The Nubian pyramids were built by the rulers of the ancient Kushite kingdoms. The area of the Nile valley known as Nubia, which lies within the north of present-day Sudan, was the site of three Kushite kingdoms during antiquity. The capital of the first was at Kerma (2500–1500 BCE). The second was centered on Napata (1000–300 BCE). The third kingdom was centered on Meroë (300 BCE-AD 300). The pyramids are built of granite and sandstone. 

Heavily influenced by the Egyptians, Nubian kings built their own pyramids 1000 years after Egyptian burial methods had changed. In Nubia, pyramids were built for the first time at El Kurru in 751 BC. The Nubian-style pyramids emulated a form of Egyptian private elite family pyramid that was common during the New Kingdom. There are twice as many Nubian pyramids still standing today as there are Egyptian. Forty of the pyramids were partially demolished by an Italian treasure hunter, Giuseppe Ferlini, in the 1830s. The Nubian pyramids are a UNESCO World Heritage Site.

Pyramids
The Nubian pyramids were built over a period of a few hundred years to serve as tombs for the kings and queens and wealthy citizens of Napata and Meroë.
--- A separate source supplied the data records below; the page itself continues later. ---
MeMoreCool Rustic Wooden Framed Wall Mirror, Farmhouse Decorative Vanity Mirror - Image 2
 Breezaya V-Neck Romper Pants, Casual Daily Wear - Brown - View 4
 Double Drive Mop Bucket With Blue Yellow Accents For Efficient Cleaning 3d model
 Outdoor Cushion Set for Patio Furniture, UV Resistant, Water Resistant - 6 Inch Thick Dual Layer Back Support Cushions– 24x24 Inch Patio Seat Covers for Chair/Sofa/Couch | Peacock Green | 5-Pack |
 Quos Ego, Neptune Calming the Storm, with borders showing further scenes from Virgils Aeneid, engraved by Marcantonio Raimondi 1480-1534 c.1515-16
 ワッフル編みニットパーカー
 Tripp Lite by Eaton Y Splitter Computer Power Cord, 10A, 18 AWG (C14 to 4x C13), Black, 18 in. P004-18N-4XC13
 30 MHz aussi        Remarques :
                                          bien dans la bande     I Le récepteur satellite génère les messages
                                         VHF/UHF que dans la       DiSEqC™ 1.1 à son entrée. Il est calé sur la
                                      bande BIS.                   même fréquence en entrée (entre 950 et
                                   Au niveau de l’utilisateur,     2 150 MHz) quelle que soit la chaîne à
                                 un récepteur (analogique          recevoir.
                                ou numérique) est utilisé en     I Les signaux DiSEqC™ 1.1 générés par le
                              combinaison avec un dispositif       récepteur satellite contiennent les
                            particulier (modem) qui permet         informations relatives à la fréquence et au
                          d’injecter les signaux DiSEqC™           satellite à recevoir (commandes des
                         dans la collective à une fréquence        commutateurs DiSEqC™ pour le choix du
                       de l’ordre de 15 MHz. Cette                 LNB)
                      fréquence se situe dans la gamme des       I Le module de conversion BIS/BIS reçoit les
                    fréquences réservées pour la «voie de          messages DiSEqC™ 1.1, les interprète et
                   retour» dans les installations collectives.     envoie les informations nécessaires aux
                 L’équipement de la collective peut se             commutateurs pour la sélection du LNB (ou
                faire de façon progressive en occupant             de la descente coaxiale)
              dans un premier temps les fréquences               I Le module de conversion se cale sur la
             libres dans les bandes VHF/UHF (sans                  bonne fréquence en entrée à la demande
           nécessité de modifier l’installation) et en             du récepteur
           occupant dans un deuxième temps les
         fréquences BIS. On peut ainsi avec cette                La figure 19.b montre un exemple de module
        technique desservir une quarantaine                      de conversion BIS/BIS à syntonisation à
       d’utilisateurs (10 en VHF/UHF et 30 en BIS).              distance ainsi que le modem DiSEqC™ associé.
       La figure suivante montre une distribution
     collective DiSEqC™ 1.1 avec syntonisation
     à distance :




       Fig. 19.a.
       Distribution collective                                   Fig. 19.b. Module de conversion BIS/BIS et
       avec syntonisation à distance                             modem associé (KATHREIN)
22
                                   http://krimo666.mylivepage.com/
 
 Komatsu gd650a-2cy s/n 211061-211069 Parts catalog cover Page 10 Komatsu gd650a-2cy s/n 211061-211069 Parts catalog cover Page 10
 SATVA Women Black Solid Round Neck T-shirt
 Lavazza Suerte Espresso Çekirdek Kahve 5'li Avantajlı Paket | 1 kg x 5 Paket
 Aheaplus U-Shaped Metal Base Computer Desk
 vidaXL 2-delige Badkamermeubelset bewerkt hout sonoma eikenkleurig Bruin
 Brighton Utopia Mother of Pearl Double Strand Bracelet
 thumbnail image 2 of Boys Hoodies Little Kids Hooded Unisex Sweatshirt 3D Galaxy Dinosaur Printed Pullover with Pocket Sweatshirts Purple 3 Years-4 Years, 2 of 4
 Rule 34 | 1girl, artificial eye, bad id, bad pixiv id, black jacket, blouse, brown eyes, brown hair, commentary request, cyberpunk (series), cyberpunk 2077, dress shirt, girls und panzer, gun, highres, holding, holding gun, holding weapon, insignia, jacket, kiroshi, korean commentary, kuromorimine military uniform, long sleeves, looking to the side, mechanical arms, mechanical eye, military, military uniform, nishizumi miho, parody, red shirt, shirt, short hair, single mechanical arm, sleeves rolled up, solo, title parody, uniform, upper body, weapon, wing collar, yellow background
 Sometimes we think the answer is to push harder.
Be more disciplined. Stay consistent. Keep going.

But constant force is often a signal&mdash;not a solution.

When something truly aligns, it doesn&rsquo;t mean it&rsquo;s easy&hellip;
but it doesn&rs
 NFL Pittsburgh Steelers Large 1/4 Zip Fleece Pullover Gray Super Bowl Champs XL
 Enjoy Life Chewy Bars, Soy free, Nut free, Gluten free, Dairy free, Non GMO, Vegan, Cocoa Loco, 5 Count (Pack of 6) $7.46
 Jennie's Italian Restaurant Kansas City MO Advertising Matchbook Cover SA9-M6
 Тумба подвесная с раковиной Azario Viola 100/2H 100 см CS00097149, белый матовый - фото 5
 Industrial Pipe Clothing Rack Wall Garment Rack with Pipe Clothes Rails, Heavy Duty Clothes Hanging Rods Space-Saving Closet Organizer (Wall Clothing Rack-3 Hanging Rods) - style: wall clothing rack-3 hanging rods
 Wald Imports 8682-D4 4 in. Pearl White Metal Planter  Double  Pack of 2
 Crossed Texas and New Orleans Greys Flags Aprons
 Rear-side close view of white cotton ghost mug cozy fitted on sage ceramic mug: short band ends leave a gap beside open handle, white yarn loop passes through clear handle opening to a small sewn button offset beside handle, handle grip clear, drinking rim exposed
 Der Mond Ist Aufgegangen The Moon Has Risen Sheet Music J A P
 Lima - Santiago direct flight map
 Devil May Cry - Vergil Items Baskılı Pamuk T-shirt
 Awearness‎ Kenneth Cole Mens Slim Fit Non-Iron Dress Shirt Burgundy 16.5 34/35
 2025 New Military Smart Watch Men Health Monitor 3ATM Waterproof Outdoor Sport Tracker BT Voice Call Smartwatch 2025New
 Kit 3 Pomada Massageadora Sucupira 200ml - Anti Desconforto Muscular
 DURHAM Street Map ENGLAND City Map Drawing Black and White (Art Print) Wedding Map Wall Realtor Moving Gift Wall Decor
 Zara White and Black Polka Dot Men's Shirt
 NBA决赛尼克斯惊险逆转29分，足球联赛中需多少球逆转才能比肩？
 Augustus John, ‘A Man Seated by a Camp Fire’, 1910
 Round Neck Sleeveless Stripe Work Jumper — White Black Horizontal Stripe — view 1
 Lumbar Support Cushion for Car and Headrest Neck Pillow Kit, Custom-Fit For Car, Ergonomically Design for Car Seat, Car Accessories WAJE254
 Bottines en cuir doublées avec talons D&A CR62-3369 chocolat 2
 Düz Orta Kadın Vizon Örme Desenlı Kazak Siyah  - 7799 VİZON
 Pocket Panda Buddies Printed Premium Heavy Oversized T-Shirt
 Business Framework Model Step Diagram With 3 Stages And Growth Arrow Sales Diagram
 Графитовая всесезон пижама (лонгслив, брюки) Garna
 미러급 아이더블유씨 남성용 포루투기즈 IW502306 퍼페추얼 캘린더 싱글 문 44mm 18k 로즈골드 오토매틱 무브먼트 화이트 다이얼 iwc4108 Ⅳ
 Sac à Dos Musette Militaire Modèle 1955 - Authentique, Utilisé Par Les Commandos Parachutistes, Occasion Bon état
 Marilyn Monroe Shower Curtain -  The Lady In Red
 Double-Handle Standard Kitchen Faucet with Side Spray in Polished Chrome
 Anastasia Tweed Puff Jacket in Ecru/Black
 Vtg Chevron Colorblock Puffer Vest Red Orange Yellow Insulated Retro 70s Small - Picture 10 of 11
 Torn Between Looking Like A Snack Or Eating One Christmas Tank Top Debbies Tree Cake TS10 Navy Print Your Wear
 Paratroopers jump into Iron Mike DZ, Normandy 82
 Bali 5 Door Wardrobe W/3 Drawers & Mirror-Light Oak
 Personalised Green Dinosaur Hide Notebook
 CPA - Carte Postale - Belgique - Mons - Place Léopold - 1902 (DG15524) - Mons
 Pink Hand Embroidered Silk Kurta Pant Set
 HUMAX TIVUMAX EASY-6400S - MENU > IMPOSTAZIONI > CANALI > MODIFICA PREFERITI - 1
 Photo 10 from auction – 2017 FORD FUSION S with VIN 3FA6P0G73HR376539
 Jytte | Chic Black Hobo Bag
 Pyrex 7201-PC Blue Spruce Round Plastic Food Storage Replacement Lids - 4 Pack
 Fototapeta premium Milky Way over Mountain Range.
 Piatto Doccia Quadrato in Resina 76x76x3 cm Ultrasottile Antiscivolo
The first three sites are located around Napata in Lower Nubia, near the modern town of Karima.

The first of these was built at the site of el-Kurru, including the tombs of King Kashta and his son Piye, together with Piye's successors Shabaka, Shabataka, and Tanwetamani. Fourteen pyramids were constructed for their queens, several of whom were renowned warrior queens. This can be compared to approximately 120 much larger pyramids that were constructed in Ancient Egypt over a period of 3000 years.

Later Napatan pyramids were sited at Nuri,  north on the opposite bank of the Nile. This necropolis was the burial place of 21 kings and 52 queens and princes including Anlami and Aspelta. The bodies of these kings were placed in huge granite sarcophagi. Aspelta's weighed 15.5 tons, and its lid weighed four tons. The oldest and largest pyramid at Nuri is that of the Napatan king and Twenty-fifth Dynasty pharaoh Taharqa.

Another small group of nine pyramids is located next to Jebel Barkal itself.

The most extensive Nubian pyramid site is at Meroë, which is located between the fifth and sixth cataracts of the Nile, approximately  north of Khartoum. During the Meroitic period, over forty queens and kings were buried there.

Between 2009 and 2012 the new group of pyramids was discovered near the village Sedeinga.

The physical proportions of Nubian pyramids differ markedly from the Egyptian edifices: they are built of stepped courses of horizontally positioned stone blocks and range approximately  in height, but rise from fairly small foundation footprints, resulting in tall, narrow structures inclined at approximately 70°. Most also have offering temple structures abutting their base with unique Kushite characteristics. By comparison, Egyptian pyramids of similar height generally had foundation footprints that were at least five times larger and were inclined at angles between 40–50°.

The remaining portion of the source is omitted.